Em 16 de agosto de 2000, um Boeing 737 da Vasp foi sequestrado no Paraná durante o voo 280, que de Foz do Iguaçu seguiria a Curitiba. O objetivo era levar malotes com dinheiro do Banco do Brasil, estimados em cerca de 5,56 milhões de reais.
Na ação, cinco criminosos armados tomaram a cabine e forçaram o desvio de rota. A aeronave pousou em Porecatu, no norte do Paraná, onde os malotes foram carregados em duas caminhonetes Ford Ranger.
Não houve mortes nem feridos. A tripulação foi libertada e os passageiros seguiram viagem após perícias no aeroporto de Londrina. A investigação envolveu a Polícia Federal e resultou na prisão de alguns envolvidos, incluindo Gerson Palermo, conhecido como Pigmeu.
Condenações e desdobramentos
Gerson Palermo foi condenado, em 2001, a 20 anos e seis meses por roubo qualificado, atentado contra a segurança de transporte aéreo e formação de quadrilha, em ação ligada ao sequestro.
Palermo teve a pena ampliada por tráfico de drogas, chegando a mais de 100 anos de prisão.
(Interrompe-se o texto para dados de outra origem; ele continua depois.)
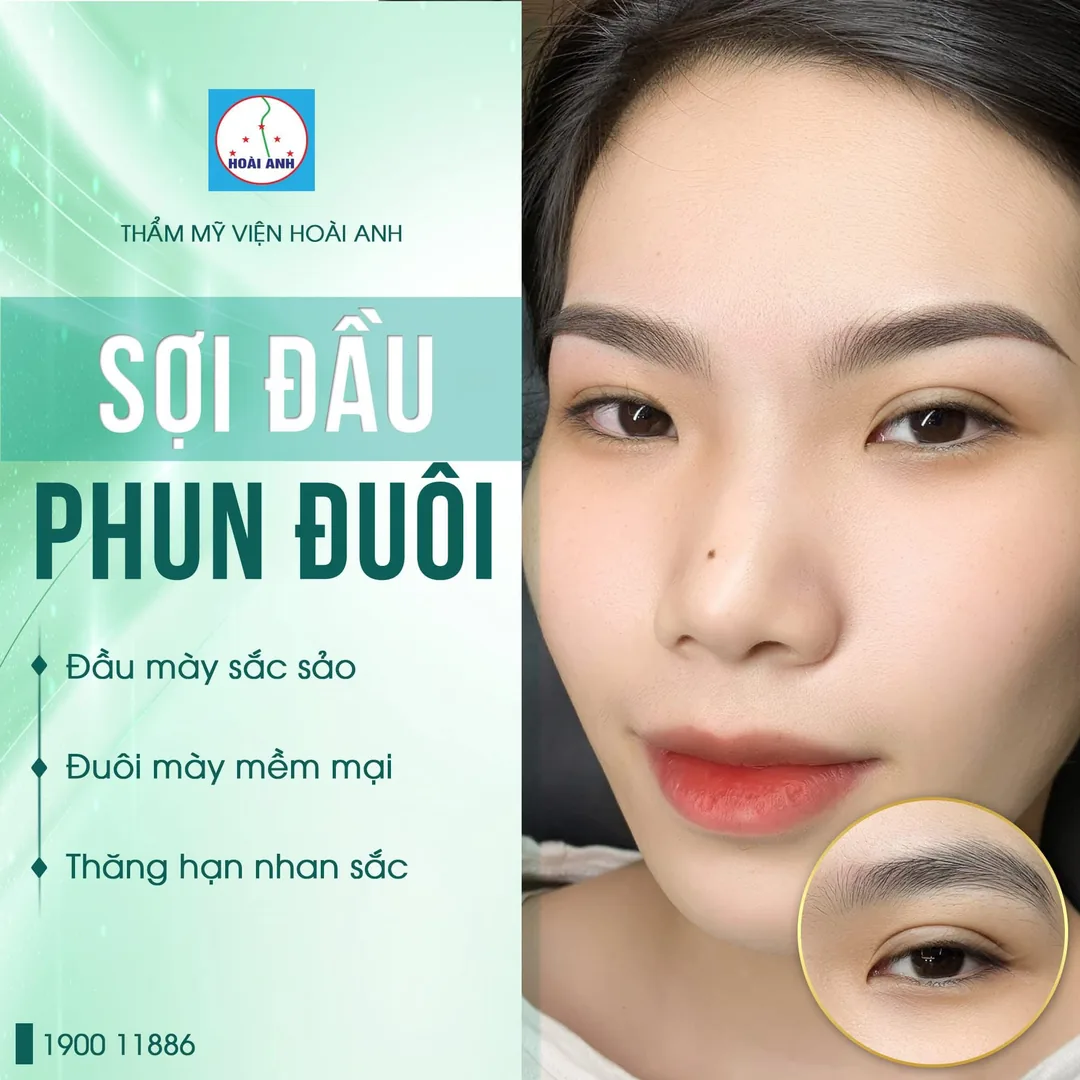 Kỹ thuật chuyên viên Thẩm Mỹ Viện Hoài Anh — quy trình giảm đau chuẩn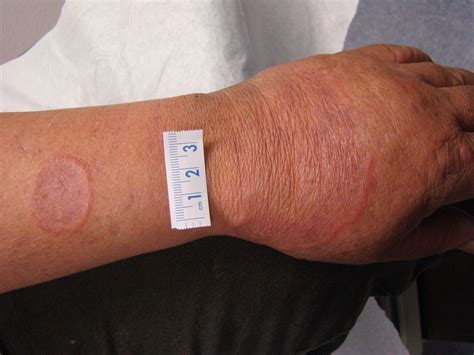 Ring Shaped Lesions On A Mans Arm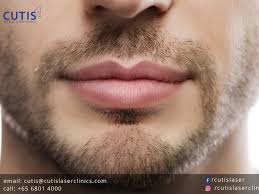 lip fillers what men can expect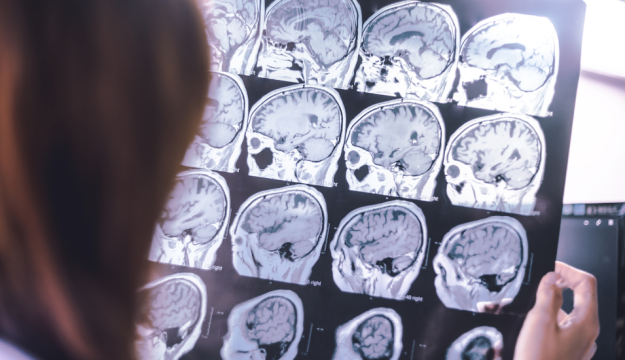 Learning more about the mysteries of dementia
Em 2020, foi colocado em prisão domiciliar com tornozeleira eletrônica, rompeu o dispositivo e permaneceu foragido até ser capturado na Bolívia em maio de 2026.
Relação com o caso atual
Hoje, o desembargador Divoncir Schreiner Maran é investigado por suspeita de conluio com o sequestrador, apontado como ligado ao PCC. A operação de 2000 continua como marco do caso envolvendo o grupo criminoso e a responsabilidade de autoridades.